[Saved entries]
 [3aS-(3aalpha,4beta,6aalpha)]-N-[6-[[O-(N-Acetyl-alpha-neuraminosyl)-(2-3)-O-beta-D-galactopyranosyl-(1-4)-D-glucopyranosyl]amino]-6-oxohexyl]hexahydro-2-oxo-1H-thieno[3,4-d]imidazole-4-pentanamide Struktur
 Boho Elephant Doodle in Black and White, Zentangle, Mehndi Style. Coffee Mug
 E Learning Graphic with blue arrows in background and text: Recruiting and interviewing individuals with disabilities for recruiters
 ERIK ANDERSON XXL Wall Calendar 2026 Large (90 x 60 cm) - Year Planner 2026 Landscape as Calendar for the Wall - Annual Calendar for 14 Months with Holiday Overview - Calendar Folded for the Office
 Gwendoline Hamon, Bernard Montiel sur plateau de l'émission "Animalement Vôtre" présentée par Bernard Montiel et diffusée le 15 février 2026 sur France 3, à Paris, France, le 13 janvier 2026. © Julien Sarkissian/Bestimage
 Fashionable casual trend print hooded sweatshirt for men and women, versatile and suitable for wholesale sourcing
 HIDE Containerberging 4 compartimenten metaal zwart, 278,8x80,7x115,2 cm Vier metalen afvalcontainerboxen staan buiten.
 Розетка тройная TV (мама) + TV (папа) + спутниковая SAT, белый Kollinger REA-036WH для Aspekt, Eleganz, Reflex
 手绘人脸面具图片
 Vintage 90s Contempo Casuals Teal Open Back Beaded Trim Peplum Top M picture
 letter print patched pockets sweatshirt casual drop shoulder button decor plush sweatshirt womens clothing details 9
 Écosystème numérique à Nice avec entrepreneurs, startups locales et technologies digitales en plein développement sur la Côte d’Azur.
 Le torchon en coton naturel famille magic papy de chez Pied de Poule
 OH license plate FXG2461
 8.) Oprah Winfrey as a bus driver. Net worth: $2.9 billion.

- [Try it]: Beginning at the line that holds "letter print patched", write out word for word each line through the end of the records.

- [Expected answer]:
 letter print patched pockets sweatshirt casual drop shoulder button decor plush sweatshirt womens clothing details 9
 Écosystème numérique à Nice avec entrepreneurs, startups locales et technologies digitales en plein développement sur la Côte d’Azur.
 Le torchon en coton naturel famille magic papy de chez Pied de Poule
 OH license plate FXG2461
 8.) Oprah Winfrey as a bus driver. Net worth: $2.9 billion.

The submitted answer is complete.